Delitos de odio: una amenaza que no podemos seguir ignorando

No podemos seguir tratando estas agresiones como “hechos aislados” o “delitos menores”.

Héctor Olimpo Espinosa
15 de junio de 2025

En Colombia, vivimos un momento de creciente crispación social, alimentado por discursos incendiarios, polarización y el debilitamiento del respeto entre ciudadanos. Aunque aún no existe en nuestro país una tipificación penal clara del “delito de odio”, los efectos de este fenómeno ya están aquí: agresiones motivadas por razones raciales, de orientación sexual, creencias religiosas, ideología política o condición social, muchas veces normalizadas o invisibilizadas.

España ha avanzado significativamente en este tema. Su legislación reconoce como delito la incitación pública al odio y a la violencia contra colectivos históricamente marginados. Además, cuenta con una fiscalía especializada, observatorios y protocolos que permiten actuar con claridad y justicia. Colombia, por el contrario, sigue sin herramientas eficaces para enfrentar este tipo de crímenes.

Pero no se trata solo de normas: se trata de clima social. Esta semana, La Silla Vacía publicó un análisis que evidencia que el presidente Gustavo Petro es hoy el líder con más mensajes agresivos en X, y también el que más mensajes agresivos recibe. Esta doble condición —emisor y receptor de hostilidad— debería encender todas las alarmas. No es un problema de un solo lado del espectro político, sino un círculo vicioso de confrontación, donde cada ataque legitima el siguiente, y la ciudadanía termina atrapada entre trincheras.

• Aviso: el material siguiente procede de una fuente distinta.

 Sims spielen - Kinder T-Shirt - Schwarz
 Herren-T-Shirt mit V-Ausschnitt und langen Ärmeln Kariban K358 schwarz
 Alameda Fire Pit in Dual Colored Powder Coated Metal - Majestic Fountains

Cuando el lenguaje público se convierte en una batalla campal, los extremos ganan terreno, el odio se normaliza y la convivencia democrática se fractura. Y, en ese entorno, florecen los delitos motivados por prejuicios, porque la palabra violenta precede al acto violento. Las estadísticas españolas muestran un incremento del 33 % en los delitos de odio en la última década. ¿Queremos esperar a que eso pase aquí para actuar?

No podemos seguir tratando estas agresiones como “hechos aislados” o “delitos menores”. No hay delito menor cuando se humilla, violenta o margina a alguien por lo que es o lo que representa. No podemos ignorar más la necesidad de una legislación clara, de fiscales preparados, de protocolos diferenciados para las víctimas y de una campaña nacional que fomente el respeto en la diferencia.

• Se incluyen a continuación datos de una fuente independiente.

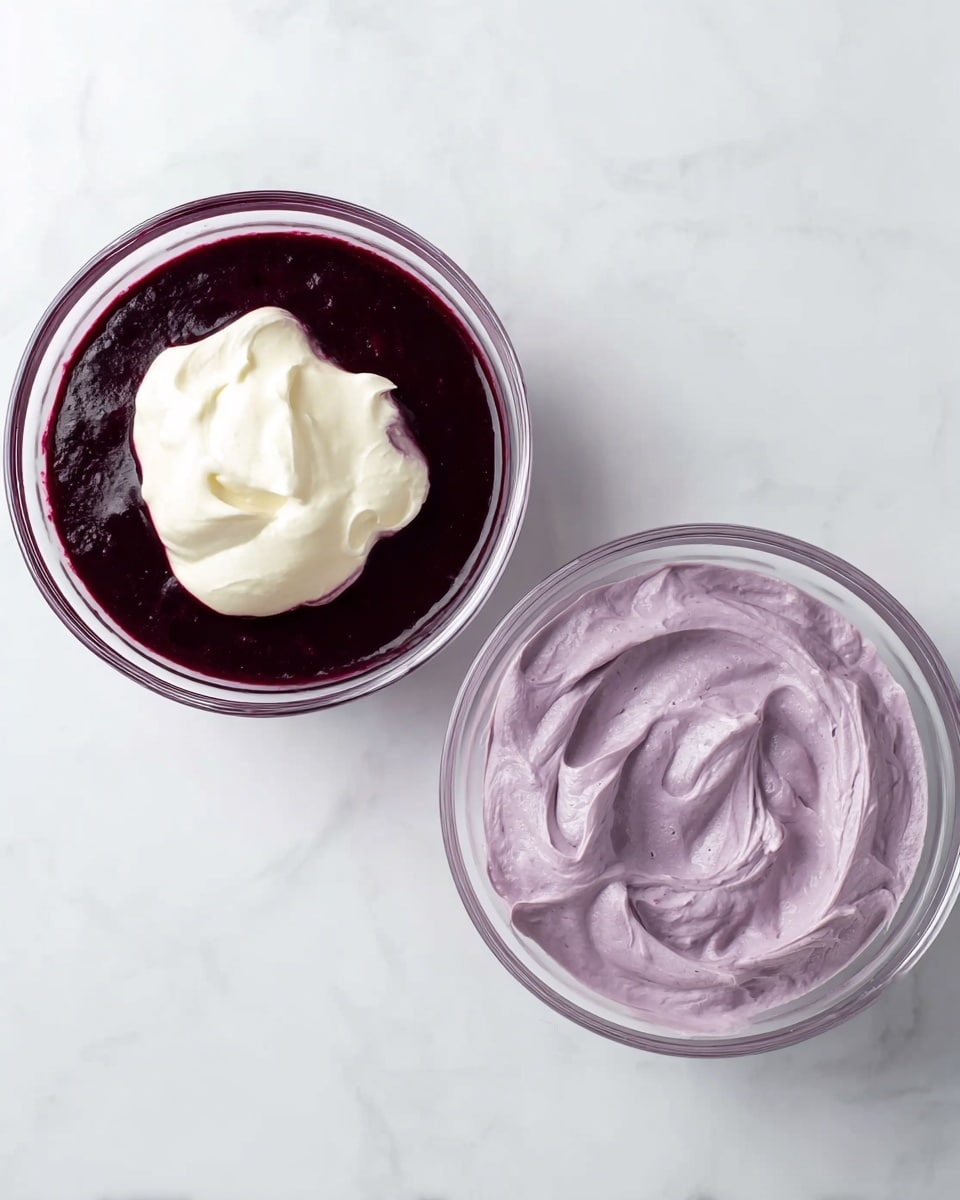 The image shows two clear glass bowls on a white marbled surface. The left bowl holds a dark purple, smooth liquid topped with a dollop of thick white cream. The right bowl contains a blended mixture of light purple, creamy texture with smooth swirls on top, showing it is well mixed. Both bowls have a simple, clean look with no other items around. Photo taken with an iphone --ar 4:5 --v 7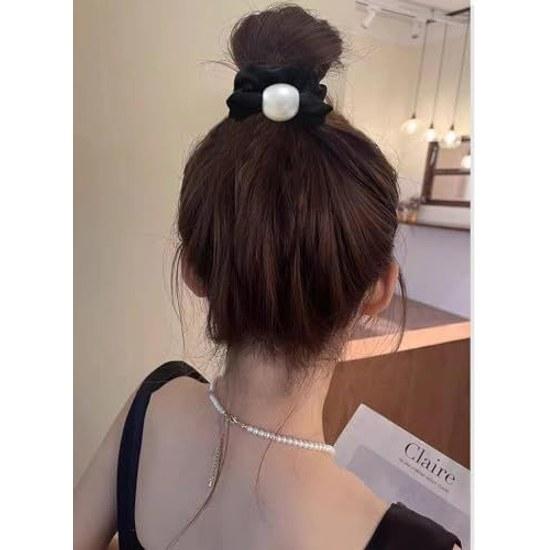 Hair tie 2-piece set pearl-like chouchou non-marking rubber stylish holder accessory adult arrangement ladies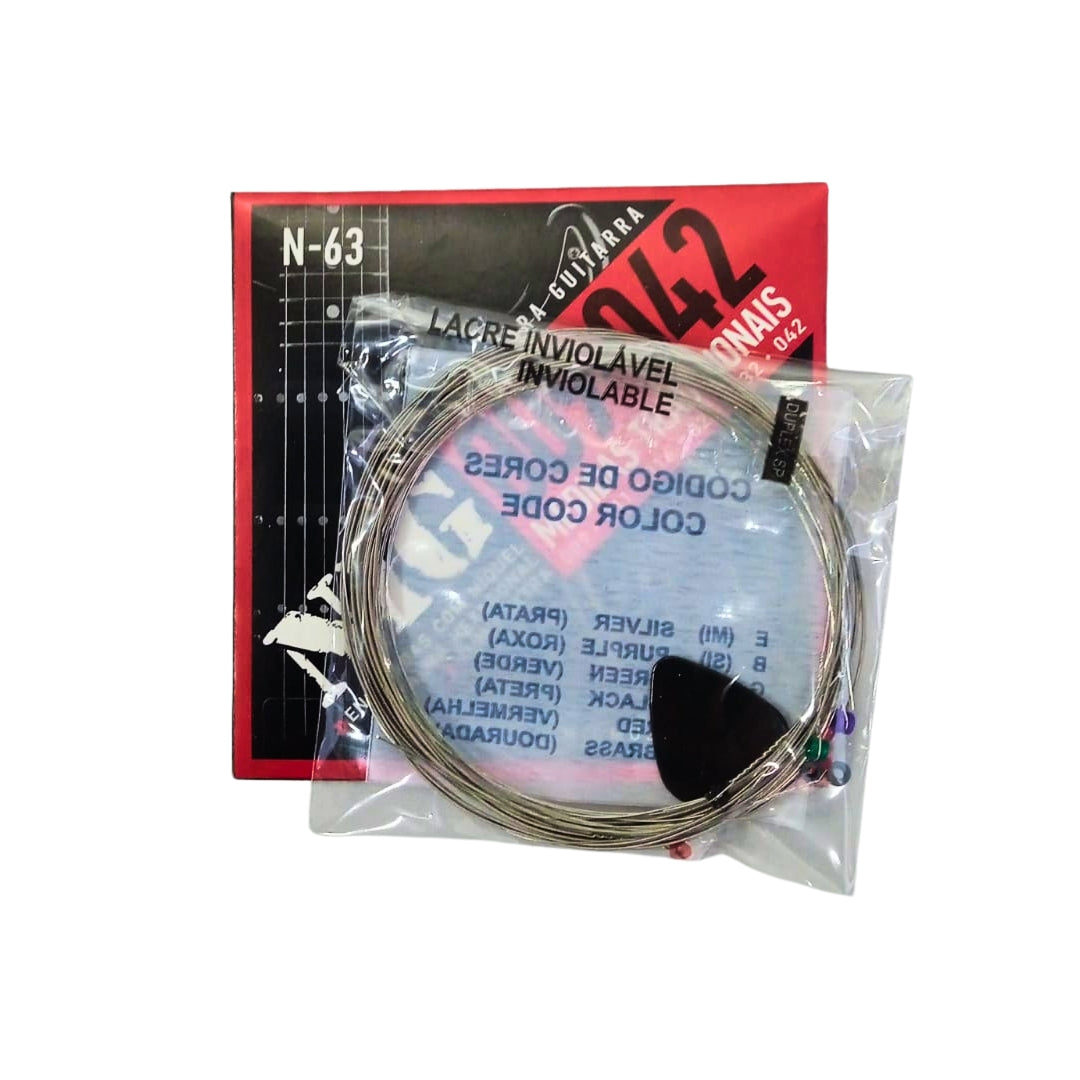 Encordoamento Guitarra 009 1ª Mi Extra + Palheta N63 Nig [F108]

Combatir el odio no significa perseguir ideas ni censurar la crítica. Significa trazar una línea clara entre la libertad de expresión y el discurso que incita a la violencia. Significa construir un marco donde el disenso no se transforme en agresión, y donde las redes sociales no se conviertan en campos de guerra.

La política debe recuperar su propósito de transformar realidades, no de agredir al contrario. Y quienes aspiramos a liderar el país debemos entender que gobernar no es producir incendios, sino apagarlos con serenidad, empatía y responsabilidad.

La paz no solo se firma con las armas. Se construye también con palabras. Y en Colombia, necesitamos urgentemente un pacto nacional contra el odio.